Même si elle est internée au camp de Gurs dans les Pyrénées, elle ne connaît pas le sort tragique de sa mère, morte en déportation. Après la Libération, elle retourne à la Cinémathèque dont elle devient la conservatrice en chef, une fonction qu’elle occupe jusqu’à se retraite forcée en 1975. Elle publiera peu de livres mais son Écran démonique, paru en 1952, reste la bible pour découvrir l’expressionnisme allemand.

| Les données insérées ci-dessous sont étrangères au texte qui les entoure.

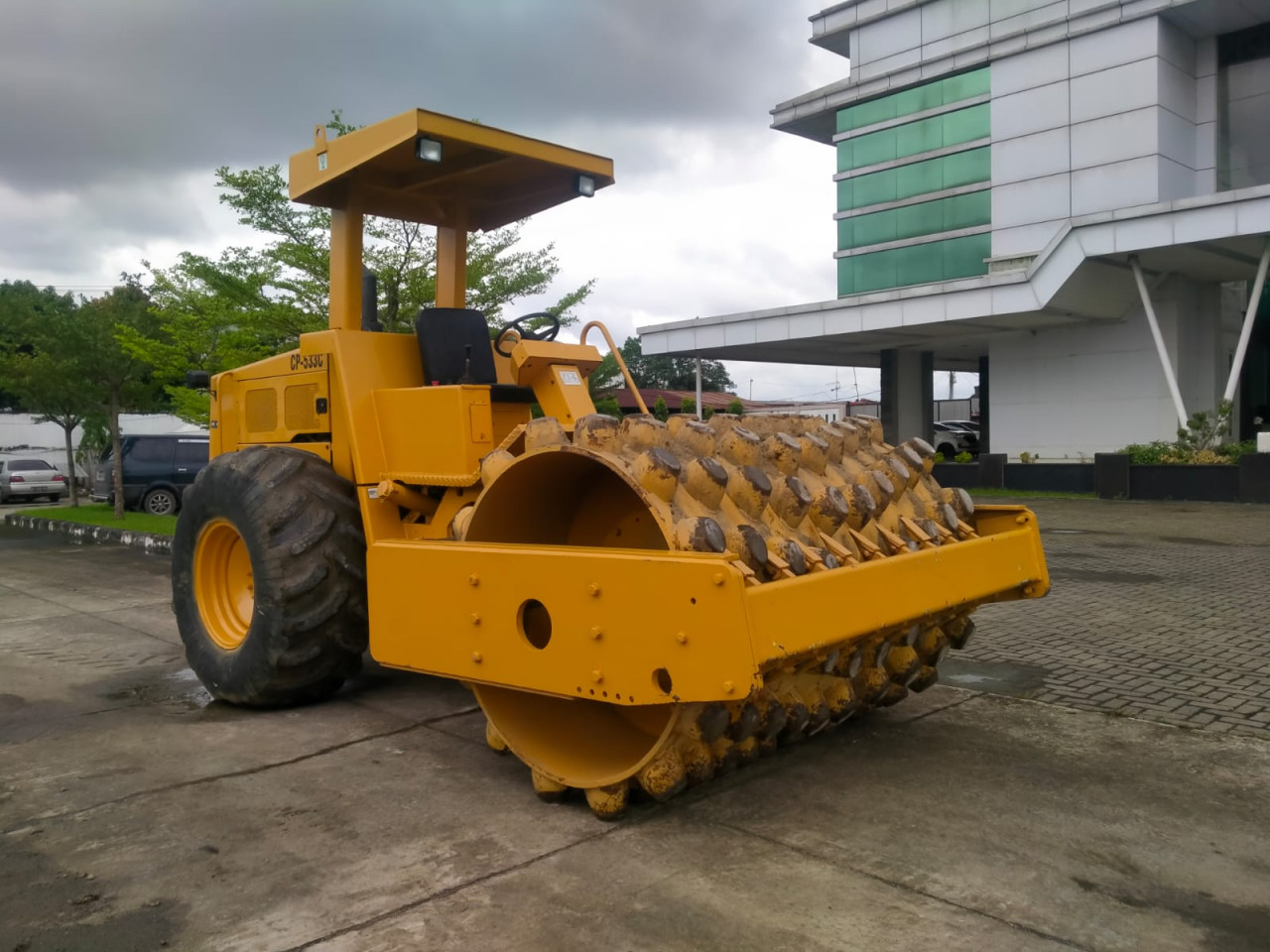 ALAT BERAT CATERPILLAR CP-533C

À travers les témoignages de toute la nouvelle vague du cinéma allemand – les Werner Herzog, Wim Wenders ou encore Volker Schlondorff – on mesure l’importance de cette vieille dame digne pour la connaissance du 7ème art. Comme Langlois, sa passion permanente et sa culture ont fait des miracles pour préserver bien des films. En prime, elle a permis à la jeune génération du cinéma allemand de faire oublier la « parenthèse » nazie et les années de Libération pour leur redonner une vraie légitimité artistique. On ne peut qu’être ému par le témoignage de son ami Werner Herzog qui, apprenant sa maladie en novembre 1974, vient à pied de Munich pour la visiter à Paris et marche pour conjurer le son, affirmant qu’il « ne peut y avoir de cinéma allemand sans elle. »
Faisant un usage subtil des images, en mêlant habilement les interviews aux images d’archives et aux extraits de films, ce documentaire brillant rend un juste hommage à cette grande dame du cinéma.